CHARLESTON, W.Va -- Anything that makes Charleston a more appealing "destination city" -- drawing shoppers, business executives, tourists, entertainment-seekers, convention-goers and others -- is beneficial.
Therefore, we think Mayor Danny Jones's plan for a major upgrade of the Civic Center deserves support.
Although the half-century-old center now draws more than 1 million visitors to nearly 4,000 events yearly, it can't compete with bigger super-centers in other cities. Charleston has lost $28 million in bookings and spinoff commerce because it lacks enough convention space, tourism official Jama Jarrett said.
The mayor wants to spend $45 million to $60 million to expand and refurbish the center, plus redo its exterior (which City Manager David Molgaard says looks like a "state prison").
To finance the project, Jones would impose a half-penny city sales tax to generate $6 million a year -- but also lower business taxes on manufacturers and retailers, leaving the city with a $3.5 million annual gain.

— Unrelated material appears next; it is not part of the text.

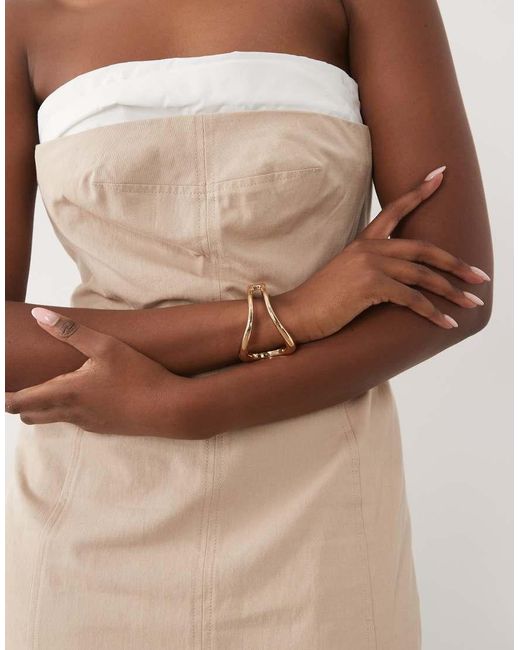 ASOS Natural Structured Bandeau Midaxi Dress With Contrast Panel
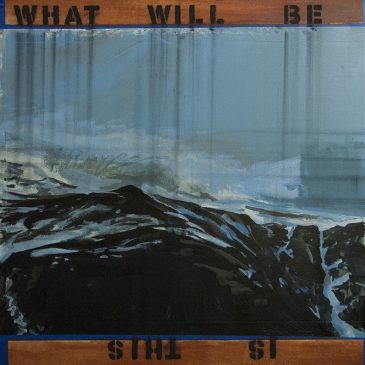“What Will Be Works Both Ways” 2018. Acrylic, charcoal, painter’s tape on canvas.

A half-penny tax is so tiny it wouldn't be noticed. Go for it, we say.
East End councilman Marc Weintraub said Mayor Jones has "looked long and hard" at the Civic Center's needs and "has come up with the most practical solution to this problem."
At-large councilman Andy Richardson added: "I view this as a jobs bill and a stimulus for downtown. . . . I think the stronger our convention and visitor business is, the stronger our retail sales will be."
Charleston is West Virginia's capital and largest city. It's the teeming hub at the heart of the state, with interstate highways converging from five directions, plus an Appalachian Corridor. In addition to state government, it's augmented by shining features like the Clay Center, the Haddad Riverfront, the new baseball stadium and the proposed modernized library. Everything possible should be done to enhance the city's appeal.
So we hope the Civic Center upgrade gets a green light.